Reviewed by Rochelle Caviness - September 24, 2001

Isaac Bashevis Singer, the beloved Yiddish writer, has long been known for his marvelously insightful tales. In 1978 his gift was publically acknowledged when he won the Nobel Prize for literature. In this unabridged recording of Gimpel the Fool, in English translation, are four of Singer's best loved short stories, Gimpel the Fool, Esther Kreindel the Second, The Spinoza of Market Street and The Black Wedding. These humorous tales are read by Theodore Bikel, who is perhaps best known for his role as Tevya in Fiddler on the Roof. Bikel brings these stories to life with his vivacious, old-world, Eastern European style sounding voice, and the natural rhythm of a born storyteller. Both the stories, and the reading are excellent in their own right, but together, they are stupendous!

Gimpel the Fool is a mischievous story about Gimpel, the fool, who is the butt of everyone's jokes. Gimpel, an orphan, who was raised in a 19th century Jewish ghetto in Poland. With self-effacing humor, and gut wrenching insights, Singer allows us to follow Gimpel through his life, from his childhood to his marriage which lasted twenty years and produced six children, as well as a telling glimpse of Gimpel in his old age. This story explains how Gimpel was able to handle the taunts and jabs that he suffered throughout his life, simply by showing us how Gimpel lived. How does Gimpel survive? The answer is simple. He is a good man with a complete faith in God. As Singer has a Rabbi state in the story, "...it is written that a good man lives by his faith" Rather than being a fool, Gimpel is holy man who simply cannot comprehend that anyone would ever lie to him. By being, at his very core, a decent, upright individual, Gimpel has a unique power - he can make other people good, as well. Even when tempted to seek revenge upon those that tormented him, his ultimate faith in God sustained him.

Esther Kreindel the Second is a supernatural tale, one filled with ghosts and possessions. Esther Kreindel comes back from the dead because her husband will not stop mourning her. She takes over the body of a young girl, Simhala. Esther wants her to go, and take her place with Esther's husband, Reb Tzorik. When her body is possessed, Simhala's body matures to match her new status as a wife and mother. This is a telling story about free will. Is Simhala her own person, or is she controlled by Esther?

The Spinoza of Market Street is a hilarious story about Dr. Fischelson, a sickly man who is an astute scholar of the Ethics of Spinoza.
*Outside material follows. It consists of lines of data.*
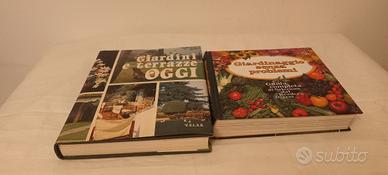 libri su giardinaggio e terrazze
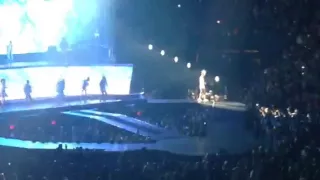 Justin Bieber performing "Sorry" Purpose Tour Dallas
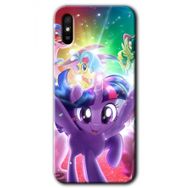 Xiaomi Redmi 9A Pony Baskılı Uyumlu Silikon Kılıf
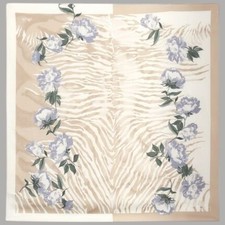 Liu Jo foulard beige zebrato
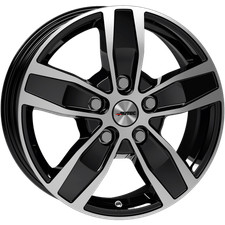 6.5x16" ET52 Cerchio in Lega Alluminio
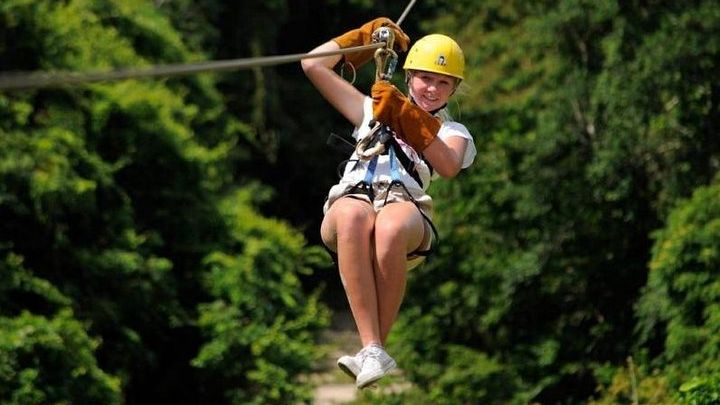 Zipline Adventure from La Romana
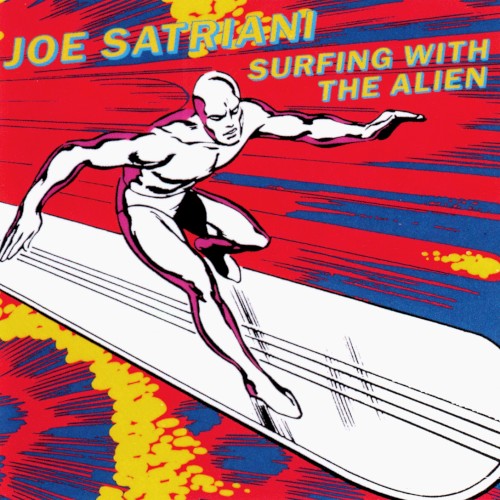 Art for Surfing With the Alien by Joe Satriani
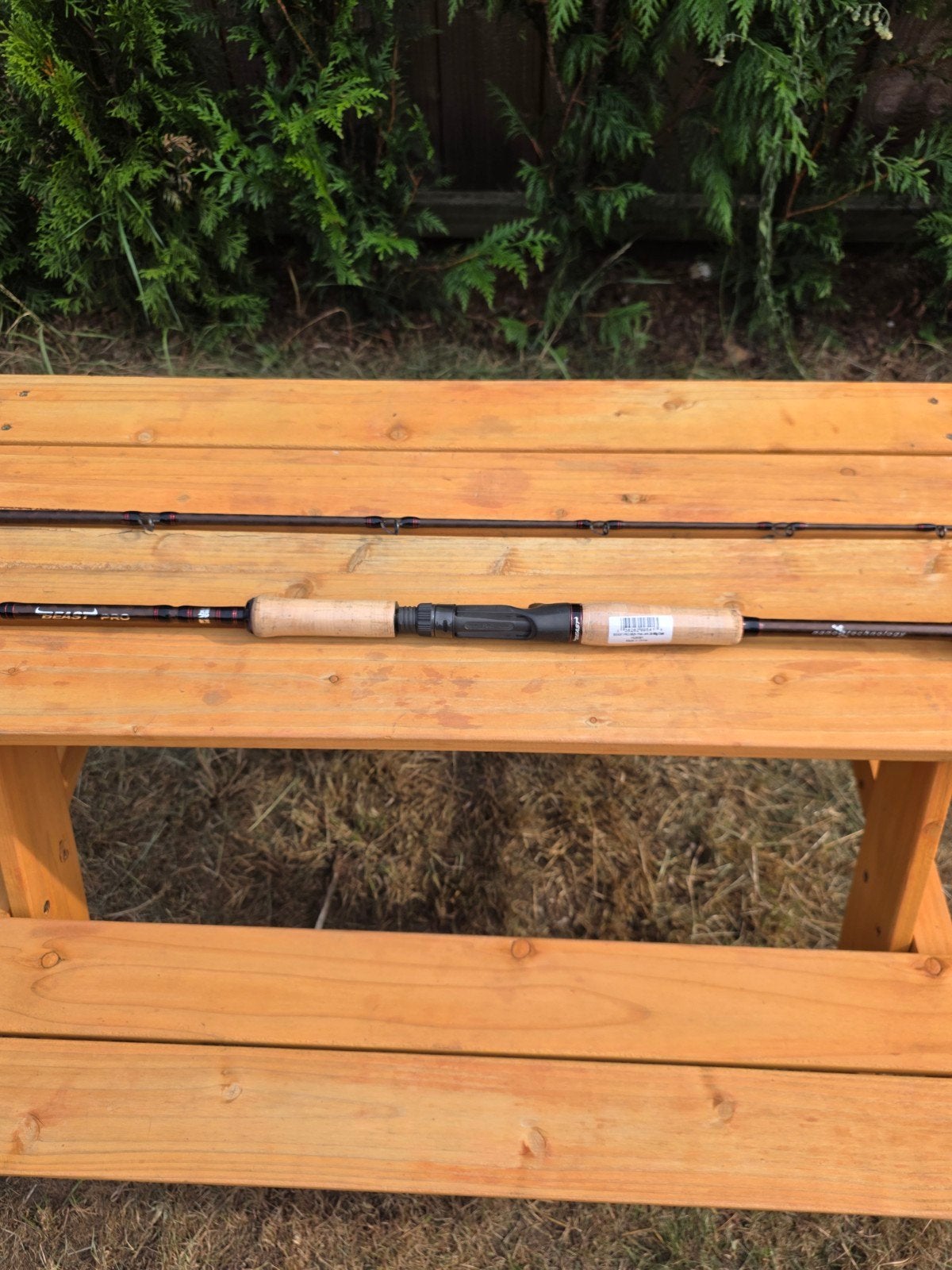 BEAST PRO 662H Pike Jerk 30-90g Cast Werphengel, Watersport en Boten, Ophalen of Verzenden, Zo goed als nieuw, Werphengel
Sick and isolated, Fischelson becomes disillusioned with modern Jewry. He is seduced by a spinster, Black Dobbe, an ugly woman who resembled, in his mind, a witch. In time, Dobbe teaches him the true meaning of love and helps him to understand his relationship with God.

The Black Wedding is a traditional horror story, filled with demons and unspeakable evil. Rev Naphthali is a Hasidic Rabbi who likes to study Kabbala, and who wages a continuing battle against the dark forces. His daughter, Hindla is constantly being assaulted by vindictive demons. When her father dies, he tells her that she must keep silent in order to be safe. When she is married to a divorcee with five children, she instantly recognizes him as a demon, but can say nothing without breaking her vow to stay silent. Will her silence save her?

These four stories offer a fabulous glimpse into Jewish life and culture, as it existed in Poland before the community was pulverized by the Nazi's. These stories are rich with old world charm, Jewish religious traditions, and good, old-fashioned story telling. These stories are well-written and engrossing, as one would expect from a Nobel laureate. And more important, these stories have universal appeal, and, from the moment they were first penned, were destined to become classics. They are a must for all readers, both young and old.